After college (AB in Folklore and Mythology) and graduate school (PhD in Scandinavian Languages and Literatures), I began my academic career in the Scandinavian Section at UCLA. My main areas of Scandinavian research are folklore, modern literature, film and Old Norse literature. My main Scandinavian language is Danish. Much of my research has focused on the study of storytelling in late nineteenth and early twentieth century rural communities in Denmark. I have considered the role witchcraft accusations play in these communities, as well as explored aspects of legends about the Black Death. I have also tried to answer the question, "When ghosts appear in the neighborhood, who ya' gonna call?" Indeed, my first book, Interpreting Legend, provides a methodology for the study of storytelling in small communities. I used much of this approach in my recent study of storytelling among paramedics, Talking Trauma, a consideration of storytelling in a contemporary American city. I have held appointments at the University of Copenhagen, where I directed the folklore program, and at Harvard University. Because of my work in Korean folklore and popular culture, my UCLA appointment was officially shared with the East Asian Languages and Literatures Department in 1998. I recently completed a documentary on punk rock in South Korea.

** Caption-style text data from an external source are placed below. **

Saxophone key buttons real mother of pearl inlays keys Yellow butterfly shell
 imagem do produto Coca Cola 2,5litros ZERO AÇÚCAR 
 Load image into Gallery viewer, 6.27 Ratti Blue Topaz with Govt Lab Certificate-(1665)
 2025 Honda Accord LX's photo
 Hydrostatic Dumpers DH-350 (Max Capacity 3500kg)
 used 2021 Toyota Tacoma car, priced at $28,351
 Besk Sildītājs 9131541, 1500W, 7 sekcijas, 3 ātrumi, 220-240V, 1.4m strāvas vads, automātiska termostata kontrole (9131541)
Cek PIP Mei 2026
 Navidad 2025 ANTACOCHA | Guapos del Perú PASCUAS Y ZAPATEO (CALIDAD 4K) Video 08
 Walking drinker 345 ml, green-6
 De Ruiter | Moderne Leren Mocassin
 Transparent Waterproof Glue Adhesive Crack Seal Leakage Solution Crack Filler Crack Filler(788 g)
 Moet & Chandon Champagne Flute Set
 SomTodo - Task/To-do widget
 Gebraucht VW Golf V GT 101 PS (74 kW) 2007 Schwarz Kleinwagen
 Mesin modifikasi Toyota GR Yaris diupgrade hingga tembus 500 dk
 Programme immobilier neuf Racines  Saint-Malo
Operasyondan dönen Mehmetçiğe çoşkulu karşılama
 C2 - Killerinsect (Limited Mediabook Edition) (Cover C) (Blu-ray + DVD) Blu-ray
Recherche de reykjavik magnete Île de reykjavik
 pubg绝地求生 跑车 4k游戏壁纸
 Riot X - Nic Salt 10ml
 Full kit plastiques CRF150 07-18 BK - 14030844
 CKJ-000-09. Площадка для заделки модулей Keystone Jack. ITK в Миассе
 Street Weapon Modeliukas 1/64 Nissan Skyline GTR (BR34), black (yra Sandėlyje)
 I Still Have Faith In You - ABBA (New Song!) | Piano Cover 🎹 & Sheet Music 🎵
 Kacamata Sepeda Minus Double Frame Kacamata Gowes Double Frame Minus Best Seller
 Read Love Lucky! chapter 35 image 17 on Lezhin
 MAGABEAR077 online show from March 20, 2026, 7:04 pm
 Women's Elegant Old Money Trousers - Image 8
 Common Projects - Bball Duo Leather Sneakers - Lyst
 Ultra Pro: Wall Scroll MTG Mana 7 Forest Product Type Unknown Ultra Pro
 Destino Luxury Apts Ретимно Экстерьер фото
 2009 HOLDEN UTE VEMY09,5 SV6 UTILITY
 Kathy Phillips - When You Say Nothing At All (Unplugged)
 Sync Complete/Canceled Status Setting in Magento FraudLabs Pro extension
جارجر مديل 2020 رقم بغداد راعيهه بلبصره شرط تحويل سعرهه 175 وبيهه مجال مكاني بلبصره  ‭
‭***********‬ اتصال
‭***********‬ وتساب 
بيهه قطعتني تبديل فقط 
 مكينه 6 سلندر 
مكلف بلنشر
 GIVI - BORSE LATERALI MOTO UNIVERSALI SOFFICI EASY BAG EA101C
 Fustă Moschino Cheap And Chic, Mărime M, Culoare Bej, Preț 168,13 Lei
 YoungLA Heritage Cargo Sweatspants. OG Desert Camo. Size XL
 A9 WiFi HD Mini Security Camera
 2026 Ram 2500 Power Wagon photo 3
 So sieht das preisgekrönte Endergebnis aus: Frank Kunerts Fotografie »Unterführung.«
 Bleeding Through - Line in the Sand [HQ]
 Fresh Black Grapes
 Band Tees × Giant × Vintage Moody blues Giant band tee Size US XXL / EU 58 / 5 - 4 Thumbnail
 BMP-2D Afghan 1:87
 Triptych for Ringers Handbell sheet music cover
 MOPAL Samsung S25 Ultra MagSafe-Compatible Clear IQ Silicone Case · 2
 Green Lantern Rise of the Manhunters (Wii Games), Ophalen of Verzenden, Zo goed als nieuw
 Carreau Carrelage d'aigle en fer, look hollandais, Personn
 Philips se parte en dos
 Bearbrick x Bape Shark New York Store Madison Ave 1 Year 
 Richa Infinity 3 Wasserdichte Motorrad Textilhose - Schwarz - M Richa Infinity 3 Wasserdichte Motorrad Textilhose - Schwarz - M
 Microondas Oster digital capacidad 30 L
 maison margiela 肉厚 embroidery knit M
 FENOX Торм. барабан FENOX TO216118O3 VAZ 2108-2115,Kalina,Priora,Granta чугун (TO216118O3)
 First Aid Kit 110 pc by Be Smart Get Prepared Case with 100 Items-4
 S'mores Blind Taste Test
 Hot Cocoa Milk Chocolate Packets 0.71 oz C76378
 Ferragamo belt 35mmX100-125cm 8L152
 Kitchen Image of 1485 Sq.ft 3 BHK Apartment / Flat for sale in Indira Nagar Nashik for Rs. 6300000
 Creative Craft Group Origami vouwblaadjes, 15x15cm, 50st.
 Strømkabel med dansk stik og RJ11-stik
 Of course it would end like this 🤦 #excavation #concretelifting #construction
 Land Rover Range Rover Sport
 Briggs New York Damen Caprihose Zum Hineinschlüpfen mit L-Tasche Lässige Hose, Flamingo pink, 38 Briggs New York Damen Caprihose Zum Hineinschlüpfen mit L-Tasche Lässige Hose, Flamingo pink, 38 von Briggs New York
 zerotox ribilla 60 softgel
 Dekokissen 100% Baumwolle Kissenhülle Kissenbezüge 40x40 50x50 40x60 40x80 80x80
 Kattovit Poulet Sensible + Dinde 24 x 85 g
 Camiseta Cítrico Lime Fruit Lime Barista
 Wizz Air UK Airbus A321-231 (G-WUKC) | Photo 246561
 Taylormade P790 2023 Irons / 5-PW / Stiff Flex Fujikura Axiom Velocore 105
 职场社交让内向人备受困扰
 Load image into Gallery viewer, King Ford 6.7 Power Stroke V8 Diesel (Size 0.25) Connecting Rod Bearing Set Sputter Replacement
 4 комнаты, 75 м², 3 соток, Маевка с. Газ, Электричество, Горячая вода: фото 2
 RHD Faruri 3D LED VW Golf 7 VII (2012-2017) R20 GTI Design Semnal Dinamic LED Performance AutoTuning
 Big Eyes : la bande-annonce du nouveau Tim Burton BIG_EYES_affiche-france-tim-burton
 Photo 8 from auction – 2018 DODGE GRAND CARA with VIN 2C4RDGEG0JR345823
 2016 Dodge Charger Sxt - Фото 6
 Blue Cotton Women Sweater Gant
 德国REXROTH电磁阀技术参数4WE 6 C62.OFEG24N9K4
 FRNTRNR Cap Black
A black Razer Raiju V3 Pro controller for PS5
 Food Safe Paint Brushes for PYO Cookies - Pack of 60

While not selflessly slaving away to make my courses the most fulfilling of all possible experiences for my students, or engrossed in my exciting (albeit incredibly dangerous) research--dangerous largely because of the chemicals needed to properly analyze a text in my newly minted “decomposition" school of textual criticism--or engaging the challenging administrative tasks that are among the most rewarding aspects of the professorial enterprise, I can be found practicing my skeet shooting in the deserts east of the city. I also enjoy travel; I have visited New Jersey, Maryland and even once made it to Delaware. When not shooting or traveling, I engage my other passion--composing baroque sonatas for harpsichord and flugelhorn. In the evenings, I volunteer my spare time at a pancake cooperative in Agoura Hills and on the weekends, my wife and I, if not teaching neighborhood children how to make batik, are usually tending our clam beds in the waters north of Malibu.